Zimbry.Introsort is twice as fast in the average case and rarely less than 13% faster in any case.

(Each test was run only once so the timings for small arrays contain noticeable sampling noise. A more robust benchmark would filter multiple samples.)

I am releasing the source under the MIT license: Click here for the source

Some notes on the source:

You'll find many alternative sort algorithms in the Zimbry.Sort.OtherSorts project. I experimented with these along the way. You can enable them in the benchmark if you have a great deal of patience.

The class in QuicksortAdversary.cs was derived from Doug McIlroy's paper, A Killer Adversary for Quicksort. Be careful. It will beat up quicksort and steal its lunch money.

Zimbry.Introsort contains four sort algorithms layered together:

1. Quicksort with pivot selected by median-of-nine: For large partitions.

2. Quicksort with pivot selected by median-of-five: For small partitions.

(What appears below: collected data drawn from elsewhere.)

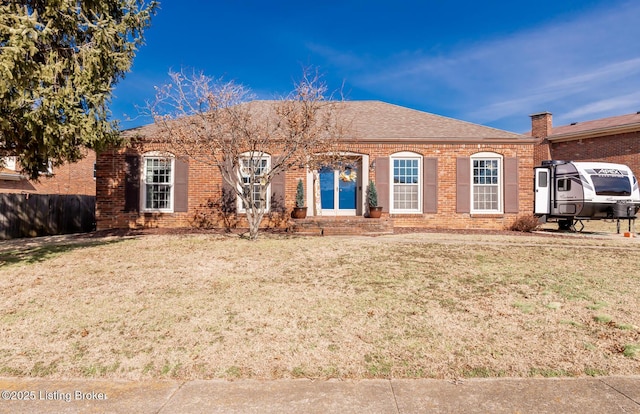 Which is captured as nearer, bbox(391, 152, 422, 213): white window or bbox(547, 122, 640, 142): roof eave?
bbox(391, 152, 422, 213): white window

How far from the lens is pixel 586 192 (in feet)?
44.2

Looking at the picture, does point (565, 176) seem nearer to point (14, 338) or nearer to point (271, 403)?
point (271, 403)

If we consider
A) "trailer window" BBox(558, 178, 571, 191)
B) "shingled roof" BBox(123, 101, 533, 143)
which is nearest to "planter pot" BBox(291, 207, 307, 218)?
"shingled roof" BBox(123, 101, 533, 143)

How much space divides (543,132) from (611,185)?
12176 mm

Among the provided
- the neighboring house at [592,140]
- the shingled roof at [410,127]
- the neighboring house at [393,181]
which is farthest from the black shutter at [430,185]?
the neighboring house at [592,140]

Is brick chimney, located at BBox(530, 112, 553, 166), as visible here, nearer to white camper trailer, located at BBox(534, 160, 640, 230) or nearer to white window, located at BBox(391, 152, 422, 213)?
white camper trailer, located at BBox(534, 160, 640, 230)


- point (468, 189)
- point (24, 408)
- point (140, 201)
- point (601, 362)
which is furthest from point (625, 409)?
point (140, 201)

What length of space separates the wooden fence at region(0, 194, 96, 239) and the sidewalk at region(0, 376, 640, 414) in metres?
13.4

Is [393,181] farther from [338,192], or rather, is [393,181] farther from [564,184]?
[564,184]

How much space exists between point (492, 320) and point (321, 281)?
279 cm

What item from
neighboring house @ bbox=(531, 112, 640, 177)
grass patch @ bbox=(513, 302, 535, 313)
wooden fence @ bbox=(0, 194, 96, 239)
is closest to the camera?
grass patch @ bbox=(513, 302, 535, 313)

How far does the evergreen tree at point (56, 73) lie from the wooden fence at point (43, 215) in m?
5.47

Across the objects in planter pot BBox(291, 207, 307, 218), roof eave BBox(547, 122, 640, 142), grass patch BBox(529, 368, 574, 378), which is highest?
roof eave BBox(547, 122, 640, 142)

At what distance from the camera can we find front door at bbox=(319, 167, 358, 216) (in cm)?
1527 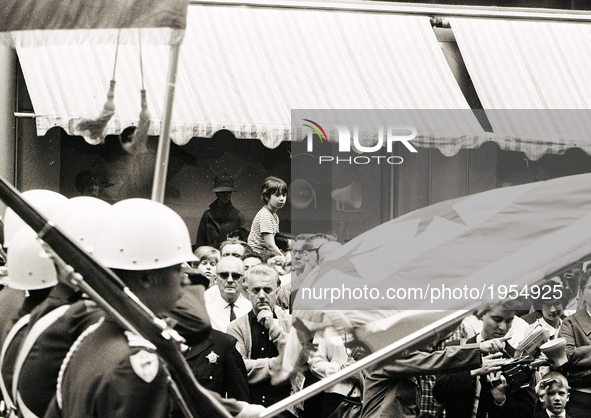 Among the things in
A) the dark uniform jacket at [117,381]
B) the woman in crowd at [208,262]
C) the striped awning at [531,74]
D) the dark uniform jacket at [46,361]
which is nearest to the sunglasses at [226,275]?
the woman in crowd at [208,262]

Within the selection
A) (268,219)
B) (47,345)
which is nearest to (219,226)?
(268,219)

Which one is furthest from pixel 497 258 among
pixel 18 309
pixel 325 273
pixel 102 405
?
pixel 18 309

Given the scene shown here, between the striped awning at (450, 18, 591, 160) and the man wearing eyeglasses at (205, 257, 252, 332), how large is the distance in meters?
3.10

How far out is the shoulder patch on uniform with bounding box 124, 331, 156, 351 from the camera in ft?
7.61

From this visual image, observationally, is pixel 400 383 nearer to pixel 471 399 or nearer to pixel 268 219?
pixel 471 399

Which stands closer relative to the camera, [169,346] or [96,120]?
[169,346]

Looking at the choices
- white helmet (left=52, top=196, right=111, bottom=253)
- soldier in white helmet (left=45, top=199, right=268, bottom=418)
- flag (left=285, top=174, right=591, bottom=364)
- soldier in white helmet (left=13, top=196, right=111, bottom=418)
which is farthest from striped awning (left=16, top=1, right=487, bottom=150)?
soldier in white helmet (left=45, top=199, right=268, bottom=418)

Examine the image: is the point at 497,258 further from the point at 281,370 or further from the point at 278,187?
the point at 278,187

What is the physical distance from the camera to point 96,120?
6598 millimetres

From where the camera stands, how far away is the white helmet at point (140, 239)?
261 centimetres

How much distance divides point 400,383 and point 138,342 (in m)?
2.39

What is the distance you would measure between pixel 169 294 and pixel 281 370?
2.08 m

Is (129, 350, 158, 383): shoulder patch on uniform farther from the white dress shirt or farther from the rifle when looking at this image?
the white dress shirt

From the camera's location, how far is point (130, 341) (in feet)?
7.65
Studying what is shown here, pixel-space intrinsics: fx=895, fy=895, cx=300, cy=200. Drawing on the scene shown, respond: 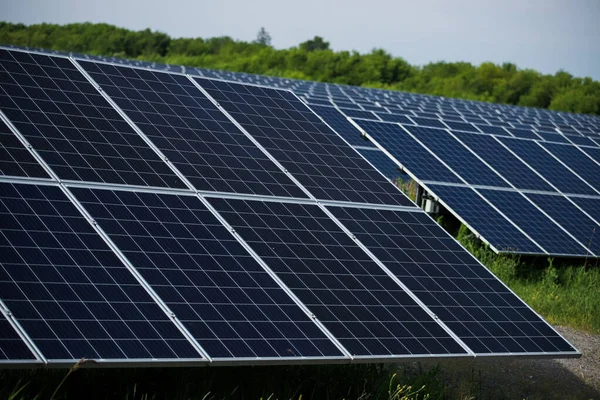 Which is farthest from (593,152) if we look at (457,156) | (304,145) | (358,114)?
(304,145)

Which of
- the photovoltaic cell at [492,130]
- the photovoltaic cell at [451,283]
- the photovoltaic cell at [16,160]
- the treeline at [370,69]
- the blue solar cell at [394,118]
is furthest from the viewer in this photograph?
the treeline at [370,69]

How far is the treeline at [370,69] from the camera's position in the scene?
93250mm

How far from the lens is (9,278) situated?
9.08 meters

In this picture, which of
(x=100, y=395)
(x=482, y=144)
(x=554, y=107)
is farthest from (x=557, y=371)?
(x=554, y=107)

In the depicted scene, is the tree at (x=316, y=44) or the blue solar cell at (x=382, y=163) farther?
the tree at (x=316, y=44)

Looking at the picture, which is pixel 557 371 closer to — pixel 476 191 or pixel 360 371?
pixel 360 371

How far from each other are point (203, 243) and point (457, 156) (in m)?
14.0

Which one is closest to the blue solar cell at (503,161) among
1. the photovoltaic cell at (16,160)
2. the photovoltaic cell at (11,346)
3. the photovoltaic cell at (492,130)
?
the photovoltaic cell at (492,130)

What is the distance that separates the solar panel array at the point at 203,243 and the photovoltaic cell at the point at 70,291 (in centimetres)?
2

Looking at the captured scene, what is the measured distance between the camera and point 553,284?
19.9 metres

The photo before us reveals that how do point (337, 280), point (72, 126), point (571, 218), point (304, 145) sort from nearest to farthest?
point (337, 280) < point (72, 126) < point (304, 145) < point (571, 218)

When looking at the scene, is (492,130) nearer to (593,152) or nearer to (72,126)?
(593,152)

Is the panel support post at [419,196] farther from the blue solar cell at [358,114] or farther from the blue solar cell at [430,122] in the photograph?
the blue solar cell at [358,114]

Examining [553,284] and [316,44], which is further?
[316,44] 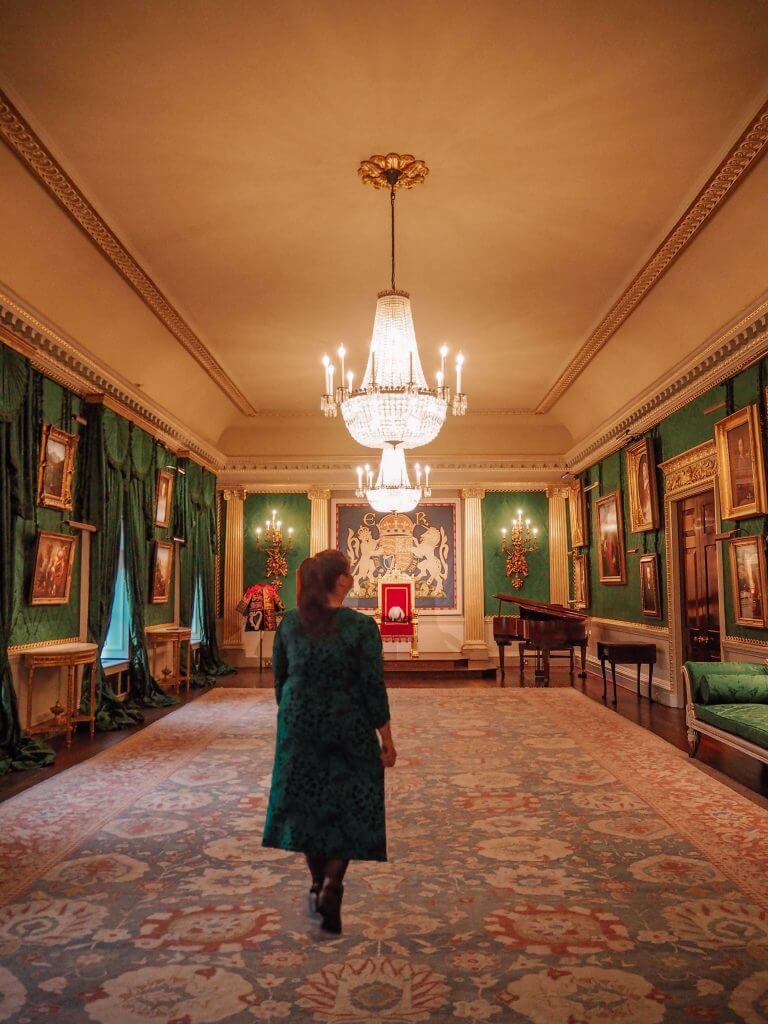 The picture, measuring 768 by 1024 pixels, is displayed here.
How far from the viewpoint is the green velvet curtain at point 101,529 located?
26.5 feet

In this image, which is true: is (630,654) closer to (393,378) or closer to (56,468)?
(393,378)

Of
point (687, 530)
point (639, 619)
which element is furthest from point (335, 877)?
point (639, 619)

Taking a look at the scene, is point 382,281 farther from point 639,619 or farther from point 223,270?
point 639,619

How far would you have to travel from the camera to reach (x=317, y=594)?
3.06 m

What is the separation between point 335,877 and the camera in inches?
119

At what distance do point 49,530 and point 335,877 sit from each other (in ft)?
18.2

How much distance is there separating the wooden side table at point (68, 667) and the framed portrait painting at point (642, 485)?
681 cm

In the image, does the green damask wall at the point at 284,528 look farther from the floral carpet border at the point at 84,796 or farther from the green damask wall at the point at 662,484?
the floral carpet border at the point at 84,796

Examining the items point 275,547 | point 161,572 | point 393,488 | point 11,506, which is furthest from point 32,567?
point 275,547

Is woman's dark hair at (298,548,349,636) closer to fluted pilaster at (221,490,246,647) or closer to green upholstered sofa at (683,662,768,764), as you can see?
green upholstered sofa at (683,662,768,764)

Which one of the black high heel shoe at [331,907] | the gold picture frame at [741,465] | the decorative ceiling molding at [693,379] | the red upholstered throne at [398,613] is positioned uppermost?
the decorative ceiling molding at [693,379]

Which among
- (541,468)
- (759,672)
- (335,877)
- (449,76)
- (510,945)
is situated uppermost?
(449,76)

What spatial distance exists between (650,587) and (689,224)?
16.3ft

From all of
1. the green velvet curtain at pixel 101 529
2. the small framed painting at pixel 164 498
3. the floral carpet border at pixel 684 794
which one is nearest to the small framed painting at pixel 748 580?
the floral carpet border at pixel 684 794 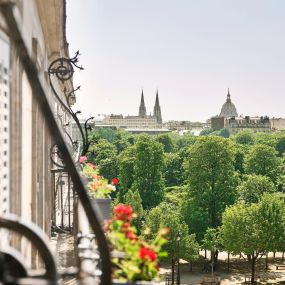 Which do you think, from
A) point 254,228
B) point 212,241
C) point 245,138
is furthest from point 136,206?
point 245,138

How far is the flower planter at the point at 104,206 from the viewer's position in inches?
287

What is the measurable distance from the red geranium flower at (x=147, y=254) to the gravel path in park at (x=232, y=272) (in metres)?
27.4

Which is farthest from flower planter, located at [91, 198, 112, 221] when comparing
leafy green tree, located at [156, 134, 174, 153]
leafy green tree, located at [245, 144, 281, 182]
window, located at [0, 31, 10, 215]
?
leafy green tree, located at [156, 134, 174, 153]

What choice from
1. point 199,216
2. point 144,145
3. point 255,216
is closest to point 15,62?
point 255,216

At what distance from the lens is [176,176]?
68.1 meters

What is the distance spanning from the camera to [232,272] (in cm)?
3303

3. Heapsort as a fall-back when quicksort recurses too deep: Heapsort is slower than quicksort in the best case but it has no quadratic behavior to exploit so it provides effective protection against an adversary.

4. Insertion sort: For tiny partitions where quicksort is inefficient.

Using these four algorithms lets us enjoy the performance advantage of quicksort for the typical case with protection against a malicious attacker in the worst case.

Both quicksorts use Bentley & McIlroy's "fat-pivot" partitioning method from their paper, Engineering a Sort Function, for better performance. This is a big part of why it performs better than .Net's quicksort in many tests.

While this is an improvement it is far from the last word in sorting. Some ideas to consider:

Better performance may be found with Vladimir Yaroslavskiy's dual-pivot quicksort.

It really needs special versions for handling known data types (avoiding the requirement for using compare and swap delegates in all cases). This would give a significant speed improvement.

There's more room for performance tuning. I tried to leave the code in a fairly readable state and some sacrifices could be made to buy a little more performance.

It would be nice to add support for stable sorting.

30 comments:

  1. Array.Sort has a weekness how about the linq sort? Is this one any safe?

    It should be reported to Microsoft using their public ticket where everyone can vote up. If the released code is under and acceptable license for Microsoft it could probably be event updated in future version of the .NET Framework.

    ReplyDelete
  2. "The class in QuicksortAdversary.cs was derived from David Musser's paper, A Killer Adversary for Quicksort"

    Sorry no. That paper is by Doug McIlroy

    ReplyDelete
  3. Another way to harden quicksort is to select the elements used in the pivot calculation randomly. This makes it nearly impossible for an attacker to cause worse case performance, and doesn't require you to also implement multiple sort algorithms.

    ReplyDelete
  4. Well if it's that good you should definitely report it to Microsoft, maybe they will include it in future version.

    ReplyDelete
  5. Jc, Good question. I don't know if LINQ uses the same underlying sort. It will be easy enough to find out, though. I'll run some tests and post what I learn.

    ReplyDelete
  6. Stephen, Thanks for the catch! I have made the correction.

    ReplyDelete
  7. Eric, That's worthy of a post in itself. If you look in Zimbry.Sort.OtherSorts you'll find two variations of quicksort that choose a pivot at random: QuicksortClassicR1 and QuicksortFatPivotR1. I'll include these in the benchmark, run it, and post what I find.

    ReplyDelete
  8. Array sort might be unsecure, might be inflexible, but not agreed that its slower.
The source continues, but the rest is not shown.